### TASK BRIEF
I need the lines from the one holding "スライサーを使ったキャベツの千切り イメージ スライサーを使ったキャベツの千切り" to the last line of the data below repeated exactly, both included, without pictures.

[Start of Attachment]

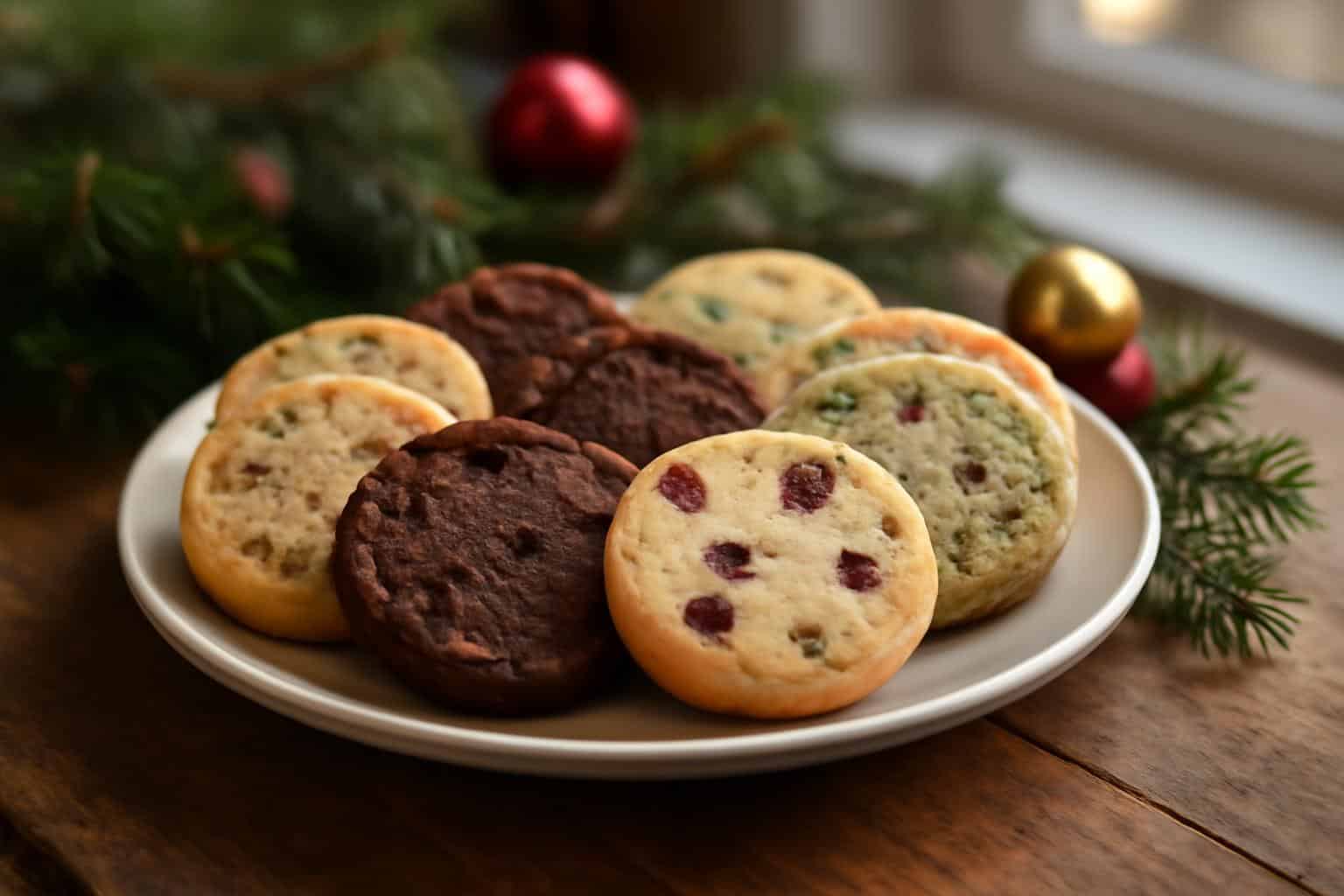 Freshly baked slice and bake holiday cookies in four festive flavors on a rustic wooden plate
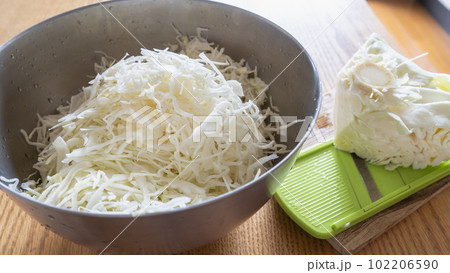 スライサーを使ったキャベツの千切り イメージ スライサーを使ったキャベツの千切り イメージ 102206590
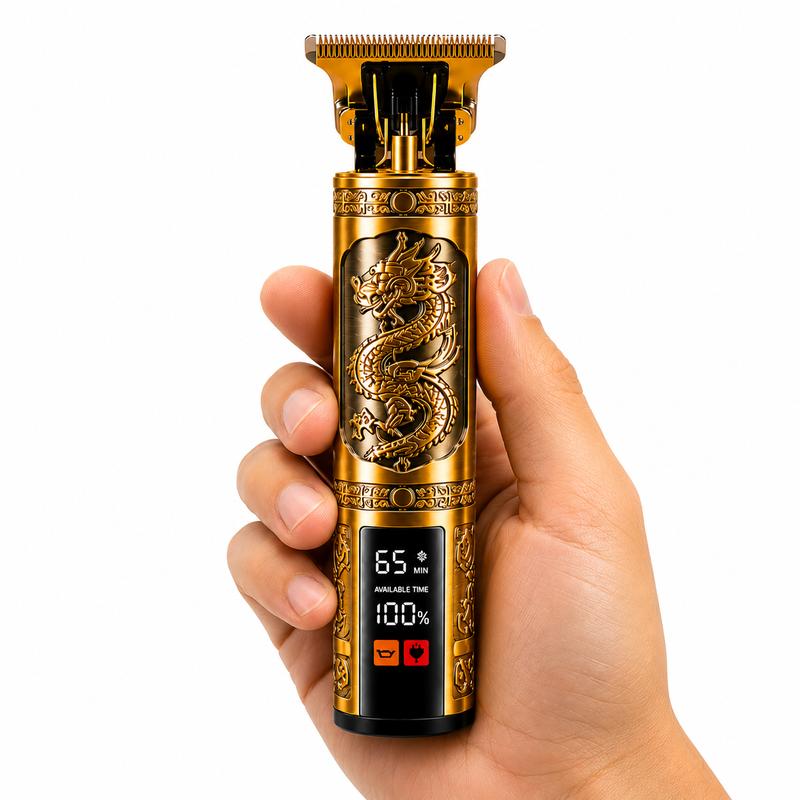Kabelloser Haarschneider und Bartschneider mit goldenem LED-Display Modell Dragon von Becker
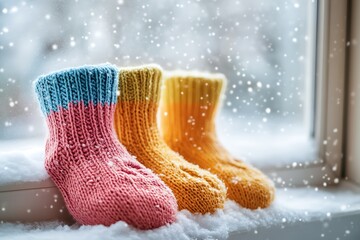 Knitted socks on windowsill during a snowfall, enjoying winter mood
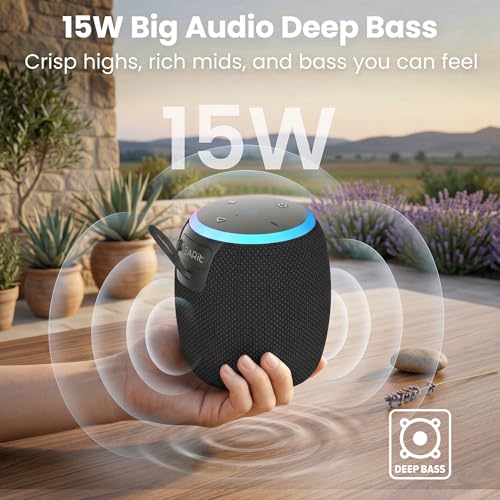 Image of GEARit Portable Bluetooth Speaker, 15W Small Wireless, IPX6, RGB Lights | 10-Hour Battery, USB-C Charging, Bluetooth 5.3, TWS Stereo - Beach, Shower, Travel & Office, Hands-Free Calls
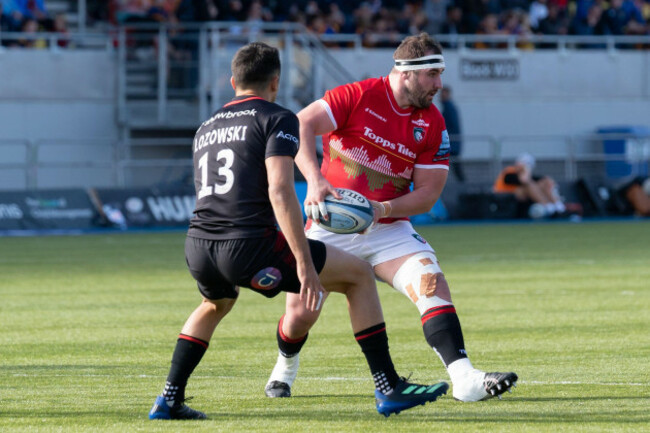 james-cronin-1-of-leicester-tigers-offloads-the-ball-before-alex-lozowski-13-of-saracens-intercepts-during-the-gallagher-premiership-match-saracens-vs-leicester-tigers-at-stonex-stadium-london-un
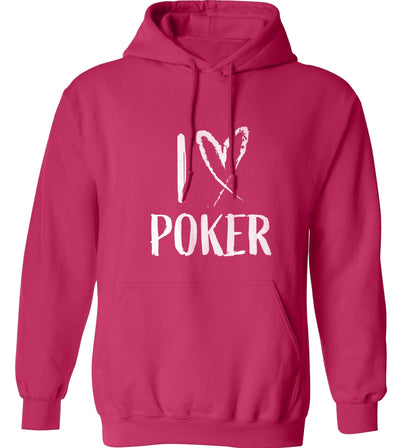 I love poker adults unisex pink hoodie 2XL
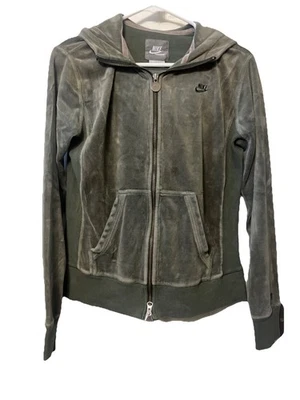 De colección Nike Sportswear Cremallera Sudadera con Capucha Chaqueta de Pista Verde Terciopelo Para Mujer’s Grande Foto 1 de 4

[End of Attachment]

### OUTPUT BELOW
 スライサーを使ったキャベツの千切り イメージ スライサーを使ったキャベツの千切り イメージ 102206590
Kabelloser Haarschneider und Bartschneider mit goldenem LED-Display Modell Dragon von Becker
 Knitted socks on windowsill during a snowfall, enjoying winter mood
 Image of GEARit Portable Bluetooth Speaker, 15W Small Wireless, IPX6, RGB Lights | 10-Hour Battery, USB-C Charging, Bluetooth 5.3, TWS Stereo - Beach, Shower, Travel & Office, Hands-Free Calls
 james-cronin-1-of-leicester-tigers-offloads-the-ball-before-alex-lozowski-13-of-saracens-intercepts-during-the-gallagher-premiership-match-saracens-vs-leicester-tigers-at-stonex-stadium-london-un
 I love poker adults unisex pink hoodie 2XL
 De colección Nike Sportswear Cremallera Sudadera con Capucha Chaqueta de Pista Verde Terciopelo Para Mujer’s Grande Foto 1 de 4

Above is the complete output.